Were you aware that Alcatraz could be rented out for events, for a price? Neither were we! Leave it to major liquor distributor William Grant & Sons, who came to the Bay Area to host a booze-industry fete and butter up a bevy of local beverage folks, to inform us. The occasion was Repeal Day (the repeal of Prohibition), which is actually not until December 5th, and the theme was, appropriately 1920s/Speakeasy. But you should know, those of you who might want to throw your own party on The Rock, you've got to abide by the Park Service's rules in bringing people out there: everyone has to get walked up the hill by a ranger, who tells you some stuff about the island's history; and everyone has to take the self-guided audio tour of the prison once inside. After that, we were free to booze it up.
It was especially cool because night tour tickets are hard to come by for touring the spooky building -- which one very stoic ranger insists is not the least bit haunted... "The only unusual things we ever see on this island get off that boat you just road in on." The last night tour ferry usually leaves at 7 p.m. these days, which was when we arrived, for our history lesson before drinking.

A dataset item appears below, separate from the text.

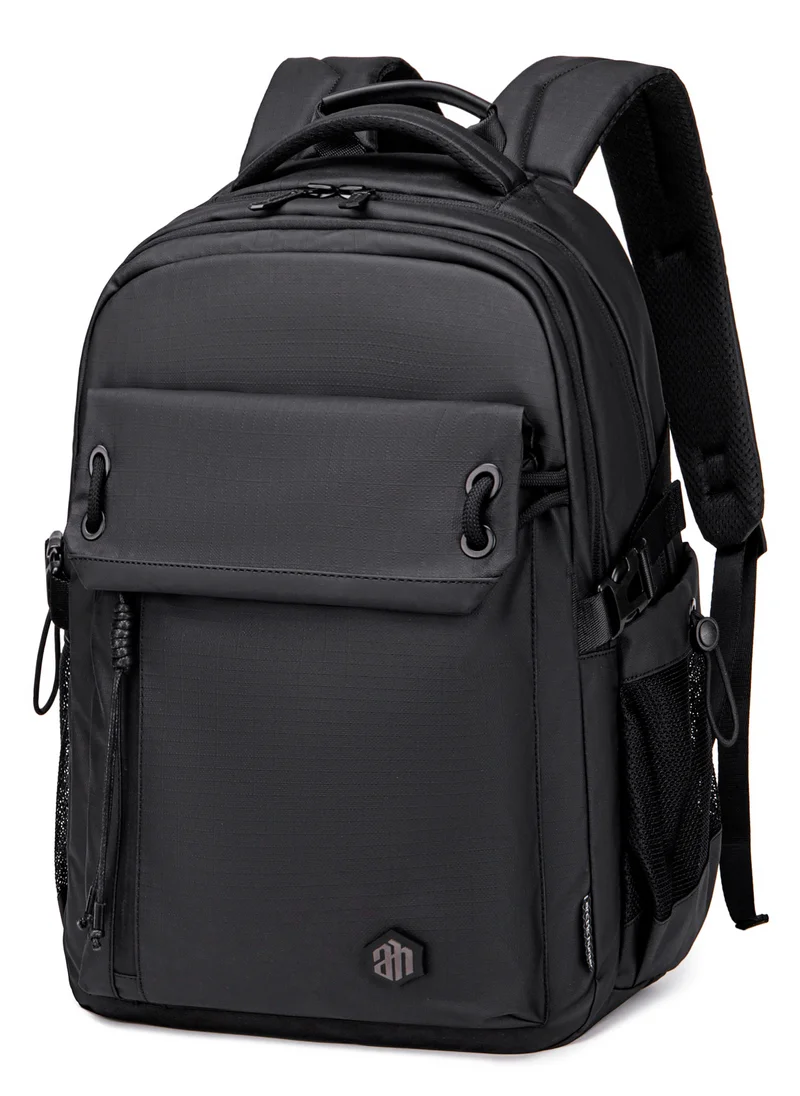 أركتيك هانتر Laptop Backpack for Men 21L fit 15.6-inch Laptop Polyester Travel Backpack Leather Business Backpack Adjustable Strap Anti-theft Zipper Pocket Water Resistant Office Backpack B00531 Black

Fact: There is no natural soil on the island. It was literally just rock until the military shipped in some dirt and planted a few trees.
Fact: they've got a former Alcatraz prison guard they call in for such occasions, who does a little spiel and talks about getting stabbed in the leg his first week on the job in 1950. (He still lives in S.F. and says they have an Alcatraz alumni reunion every August.) The prison, in case you didn't know, was closed in 1963, and later played host to a nineteen-month occupation by Native American activists (and assorted hippies) that began in November 1969, and which is credited with raising awareness of Native American civil rights, and which ended with several buildings on the island being burned.